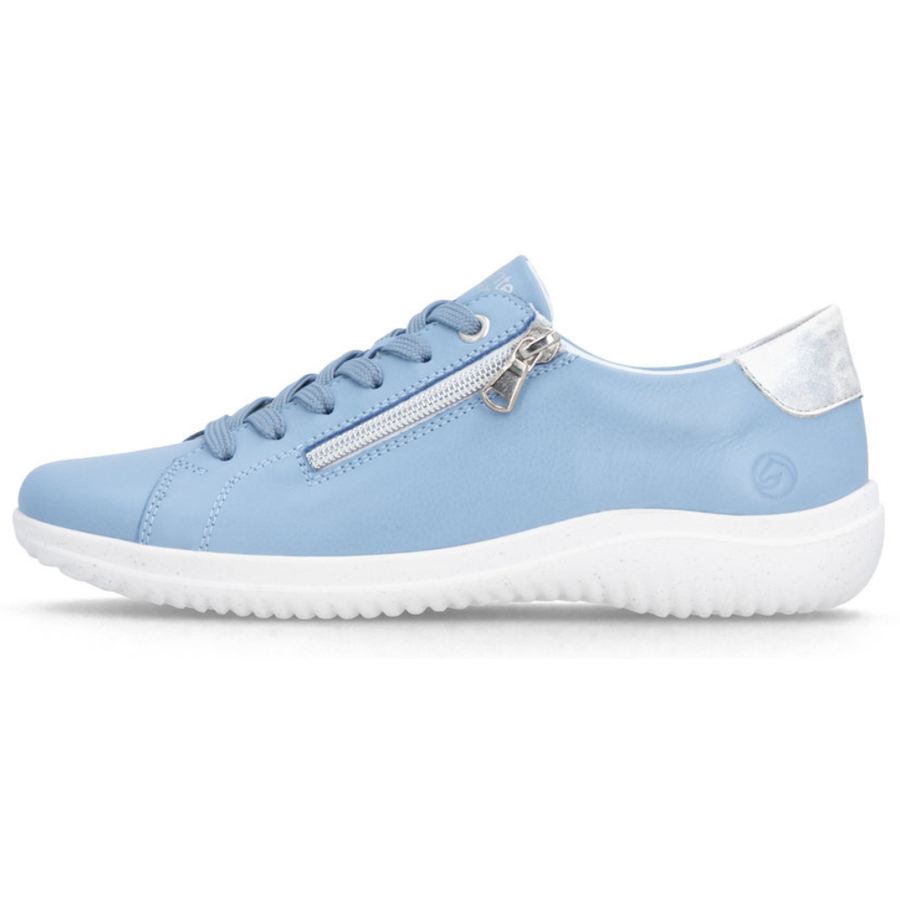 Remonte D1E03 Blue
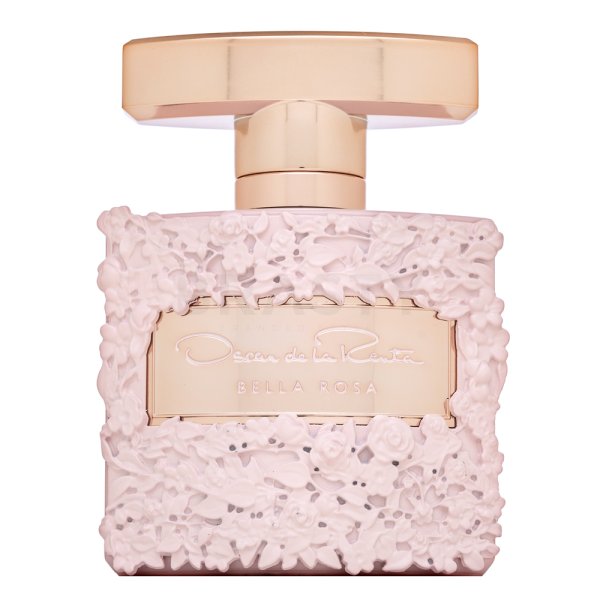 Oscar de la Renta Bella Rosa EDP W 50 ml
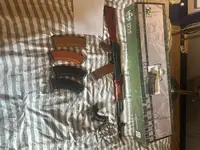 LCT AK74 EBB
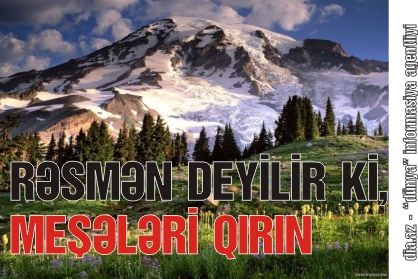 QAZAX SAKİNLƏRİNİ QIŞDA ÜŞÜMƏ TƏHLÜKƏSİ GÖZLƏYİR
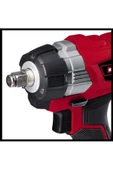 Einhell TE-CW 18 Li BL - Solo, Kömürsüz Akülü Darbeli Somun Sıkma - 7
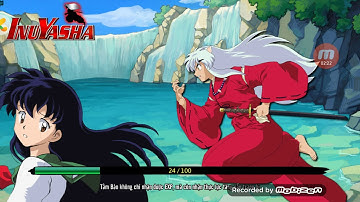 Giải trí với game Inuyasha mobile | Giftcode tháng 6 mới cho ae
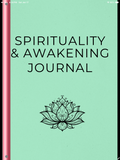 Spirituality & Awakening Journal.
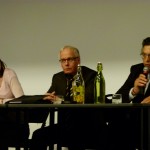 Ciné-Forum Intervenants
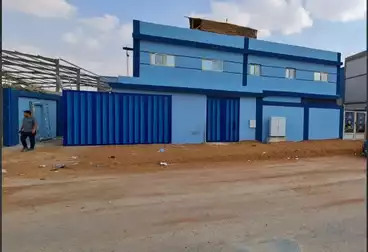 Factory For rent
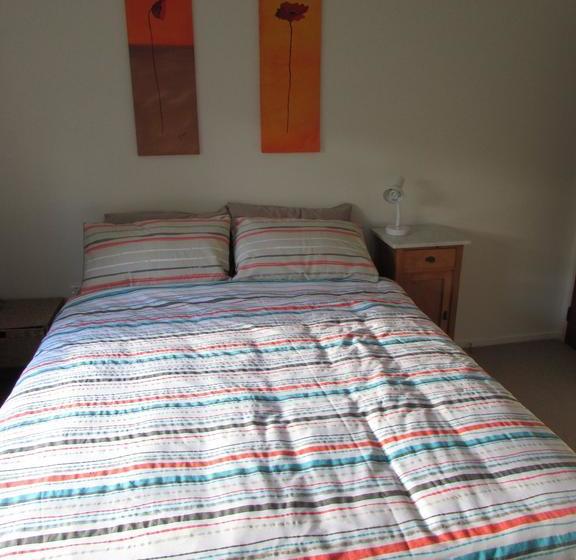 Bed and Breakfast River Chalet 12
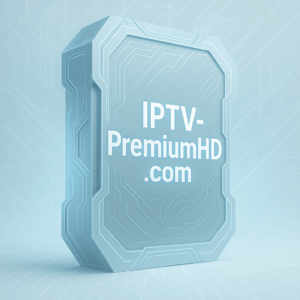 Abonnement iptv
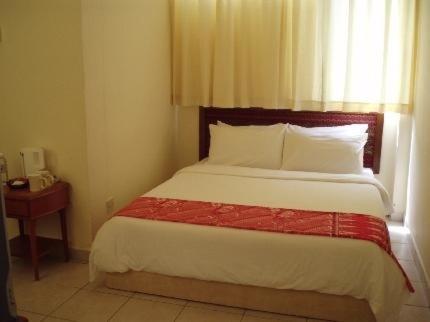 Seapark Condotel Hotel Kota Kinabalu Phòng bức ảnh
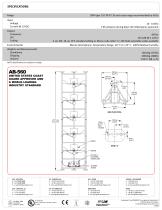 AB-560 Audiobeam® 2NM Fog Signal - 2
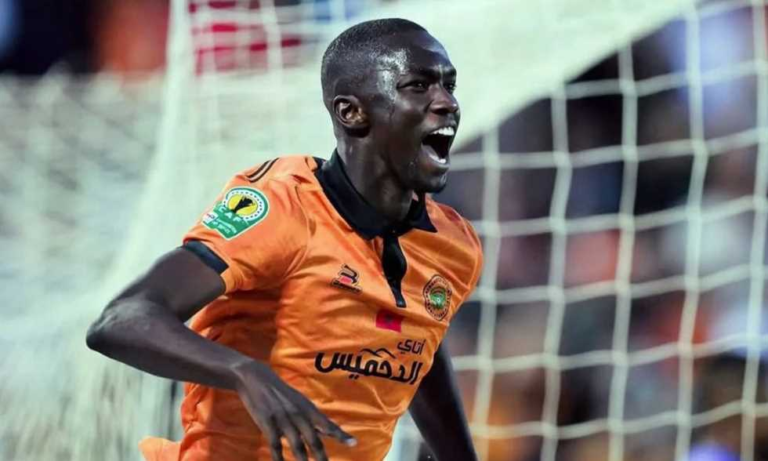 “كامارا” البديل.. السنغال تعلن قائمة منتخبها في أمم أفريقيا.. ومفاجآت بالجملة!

▸ **What you have to do**: Nothing but the lines from the one holding "Bed and Breakfast River Chalet 12" through the last line of the listing should appear in the answer, copied exactly and without pictures.

▸ **Result of this task**:
 Bed and Breakfast River Chalet 12
 Abonnement iptv
 Seapark Condotel Hotel Kota Kinabalu Phòng bức ảnh
 AB-560 Audiobeam® 2NM Fog Signal - 2
 “كامارا” البديل.. السنغال تعلن قائمة منتخبها في أمم أفريقيا.. ومفاجآت بالجملة!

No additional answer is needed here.